This image is getting me through at the moment. I’m nearing the point where the light returns again – at least long enough to squeeze in some short runs after work. I’m trying to be patient, to flex those indoor muscles while I wait. It’s paying off, I can feel it. A few weeks ago I mastered a difficult head stand pose; I’ve never had the kind of upper body strength that I have now. Last night I was able to raise and lower myself in a what resembles a vertical, inverted series of crunches, for a dozen times before I had to return to the ground. When I started physical therapy three years ago, I could not touch my toes without bending my knees. I was tasked with tiny exercises for my feet, but I knew that commitment needed to eventually extend to the rest of me. That decision has changed me in ways that I could never have imagined or predicted.

In a few weeks I’ll flip back over, finding the ground beneath my feet again, stretching in new ways for a new year. I haven’t set any specific goals for running or strength training or yoga this year, outside of enjoying the practice. Chasing the light on a regular basis, and introducing it to our home in new ways. Those are my resolutions for this year.

on my counter, lately

I feel like doing a happy dance most days – the increase in daylight hours means I’m back on the running trail again. I was a little worried about the effects of my winter hibernation, but I’m pleased that the indoor work I’ve put in since November seems to have really helped my overall strength and endurance. E has a confirmation class / youth group meeting on Sundays just three blocks from Forest Park, which gives me ninety minutes of late afternoon sunshine to run my heart out. Last weekend I measured the perimeter + those extra blocks at 6.5 miles; if I add in an additional inner route I like, I can get in 10 miles in that stretch of time. Which means I’m hungry these days since I’m running off the rough equivalent of lunch and dinner several times a week.
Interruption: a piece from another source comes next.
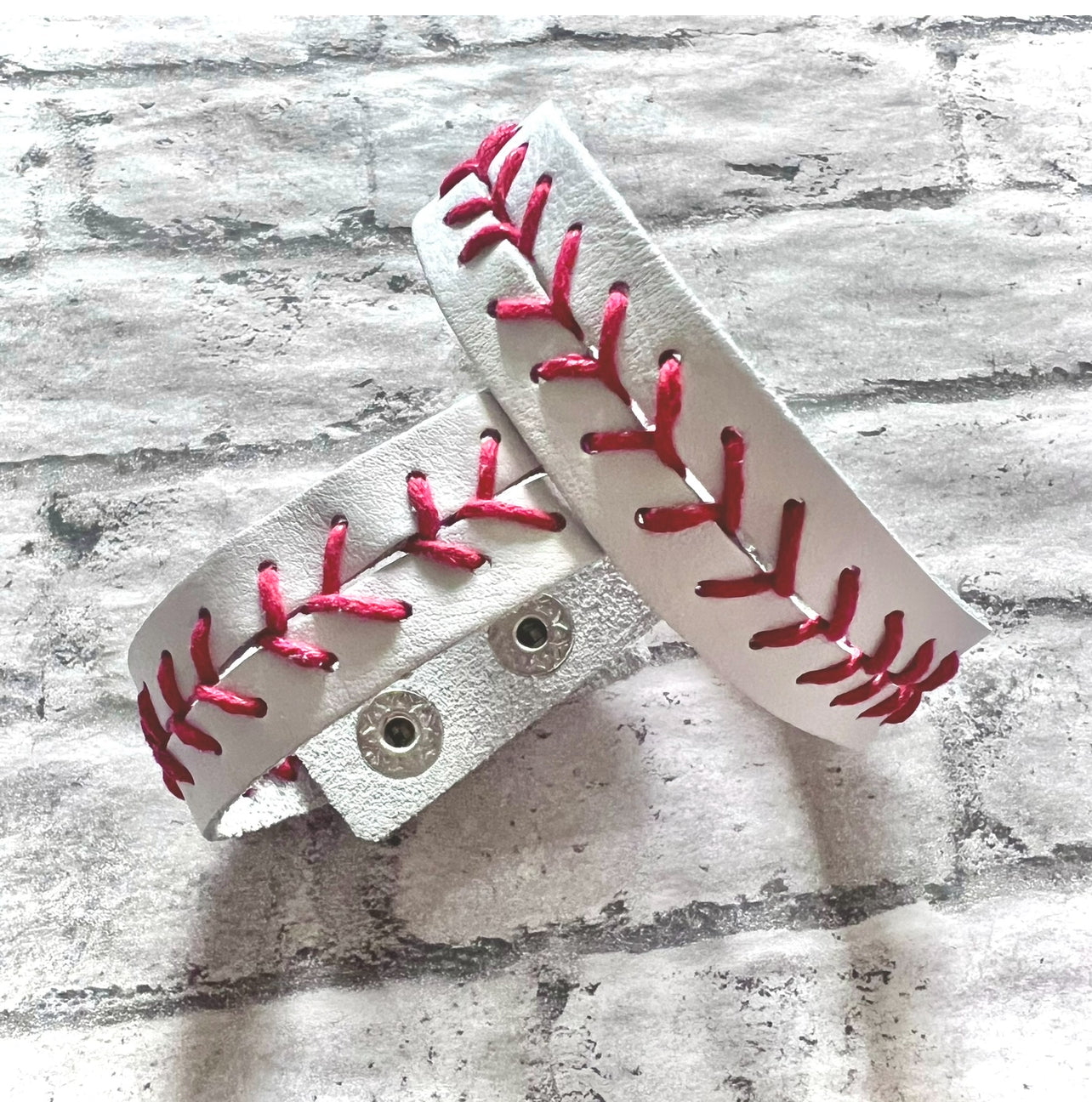 Leather Baseball Lace Cuff Bracelet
My dear friend (and running mentor), Sam, reminded me a few months ago that distance running and high intensity workouts would require some additional fueling. This is a good reminder, because I’m not much of a snacker, and I’m pretty set in my eating habits. It has made me more conscious of our weekly menu at home – I’m trying to focus on eating really great dinners (and resulting leftover lunches) rather than throwing in additional snacks to the mix. I’ve noticed that my sweet tooth is almost gone – I’m craving dinners with flavor, grains like farro (which I could eat every night, I think), earthy flavors like mushrooms, and especially bitter greens coupled with citrus. Outside of my pregnancies (which were decidedly not food happy times in my life), I can’t remember having cravings like this. It’s kind of strange, and I wonder if it’s normal. Maybe I’m just getting older – everyone, particularly my doctors these days, like to remind me of that.
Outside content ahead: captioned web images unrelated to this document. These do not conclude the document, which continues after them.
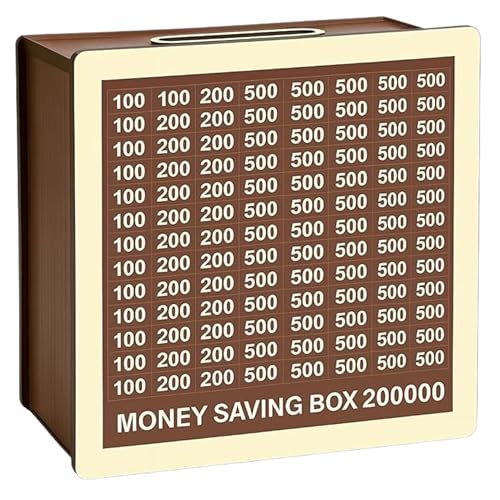 Image of Premium Wooden Money Bank with Lock - Vintage Coin Saving Box for All Ages - Ideal for Cash, Coins, Donations & Home Decor (2 LAKH Money Box, 1, Count)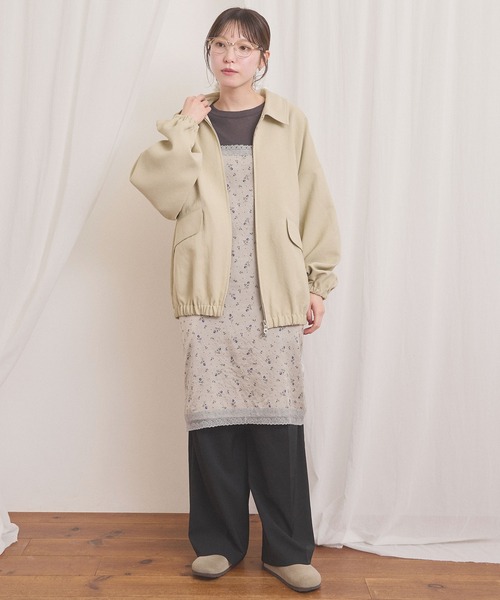 fig Ｌondon（フィグロンドン）の「DICROS AIRO zip blouson（ブルゾン・レディース・チャコールグレー/アイボリー・FREE）」の3枚目の写真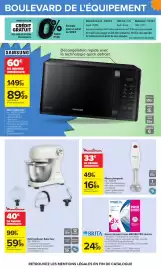 Catalogue Carrefour page 86: SAMSUNG Micro-ondes solo €89,99, BRITA Aluna Calendar 4 mois MAXTRA PRO blanche €24,99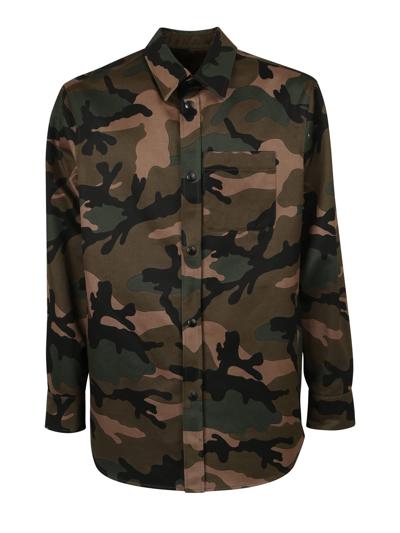 Shop Valentino Camouflage Shirt Jacket In Multi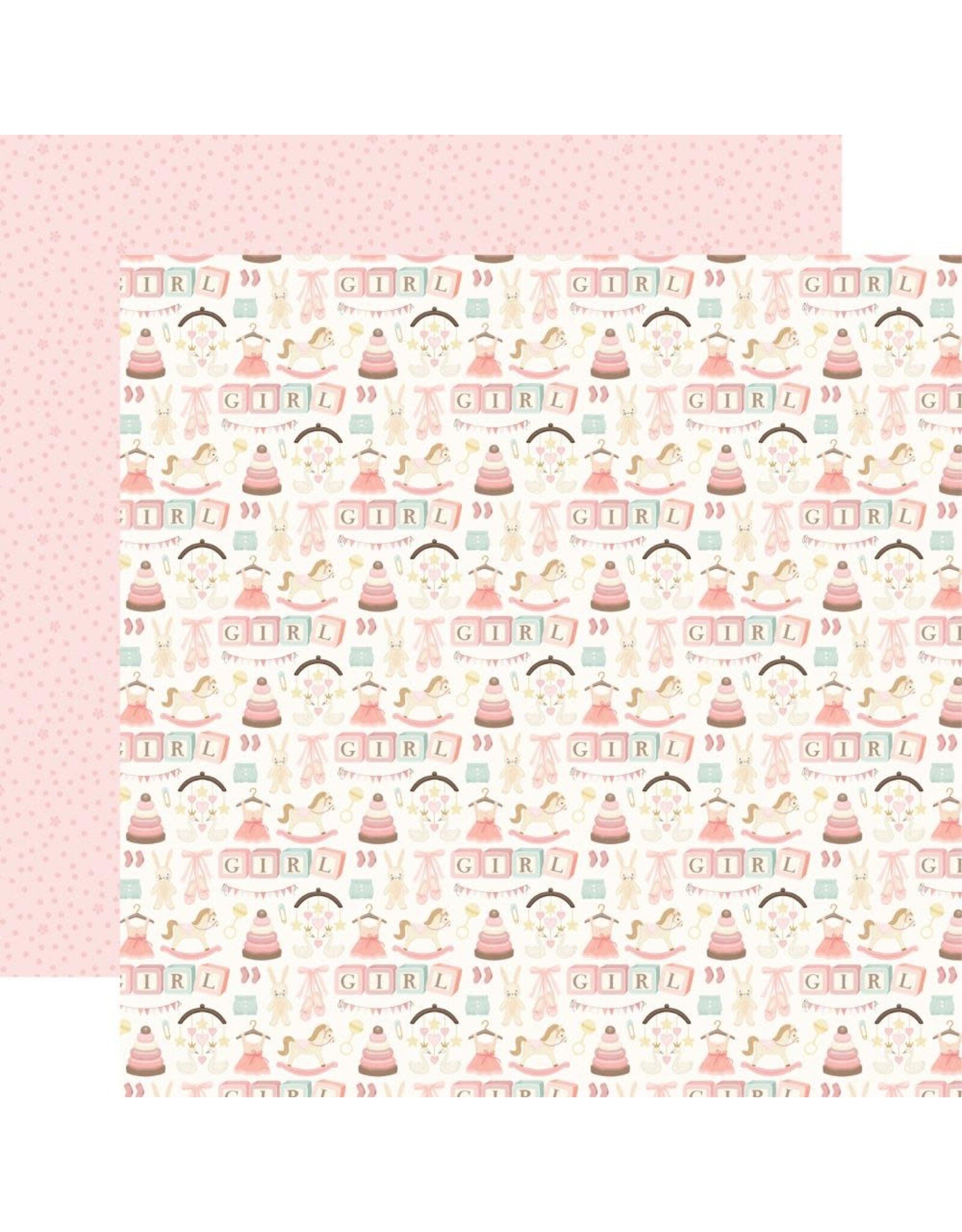 CARTA BELLA CARTA BELLA LITTLE LULLABIES BABY GIRL A LITTLE GIRL'S TOYS 12x12 CARDSTOCK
I can tend to go off on tangents fairly easily on certain topics, but I’m going to avoid that here, and instead just point to a few interesting articles and radio bits on the subject that have been interesting to me. I feel like cooking and eating and food topics in general can get to be touchy subjects sometimes, so I try to write about it (and photograph it) as a conversation piece on a topic that interests me rather than from a position of knowing all the answers about food. I like to be inspired in the kitchen, and reading and listening to others talk about food does that for me, and maybe it does a bit for you as well. As Michael Pollan puts it, “Eat food, not too much, and mostly plants.” I subscribe wholeheartedly to this mantra, and I build on it with the idea that there’s no reason it can’t be delicious and fun and different every single night.
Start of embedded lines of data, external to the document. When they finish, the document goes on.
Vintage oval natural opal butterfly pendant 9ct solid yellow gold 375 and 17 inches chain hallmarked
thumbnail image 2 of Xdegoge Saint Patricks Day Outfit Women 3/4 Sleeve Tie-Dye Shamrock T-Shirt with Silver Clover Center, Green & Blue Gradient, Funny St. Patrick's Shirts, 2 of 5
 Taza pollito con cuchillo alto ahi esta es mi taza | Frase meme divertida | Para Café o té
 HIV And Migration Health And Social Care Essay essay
Run Less, Run Faster – this book really speaks to me at this stage of my life. I’m committed to being healthy and building a good platform moving forward as I age (get old, I know – I get it), but I’m a realist about how I spend my time. I’ve said all along that I don’t care about being an elite runner, but I also know that I like to study and improve and throw 110% into most things I do, so this gives me an avenue to do that at a personal level which helps to keep me engaged, i.e. lacing up my shoes and actually doing it. I also thought the chapter on a runner’s diet was interesting – particularly because it states that a highly varied, plant-based diet (little to no meat) is optimal. (Another great rec from Sam, marathon runner extraordinaire and all around nice gal.)

–Anything by Michael Pollan, but specifically Cooked. The new documentary series makes me sad (again) that we gave up Netflix. However, giving up Netflix also means I actually have time to put these goals into action.

–First Bite by Bee Wilson, as discussed on Fresh Air – I thought this interview was interesting, and I am always fascinated about how babies and children learn to eat, but I’m even more interested in her discussions on how adults can also learn (re-learn) how to eat in healthier ways.

Here are some of the best things we’ve been eating lately:

Stellar Quinoa Burger from Bon Appetit (Feb 2016) – this was definitely a weekend dish, and as many of the commenters pointed out, the burger didn’t hold together very well, but it was SO delicious that I’m determined to figure out a better binder. Or just resign myself to a messy dinner again. I made a spiced tomato chutney and sliced avocados for the top of the burger and it was divine.


This Blue Apron meal was DELICIOUS. I was all, what? Cheese? Lemons? Together, on a sandwich? And then I ate it. It hit all the crave points and the salad was spot on fantastic and I’m going to serve it at my first dinner party in our new dining room because I basically daydream about dinners with friends in the new space 24-7.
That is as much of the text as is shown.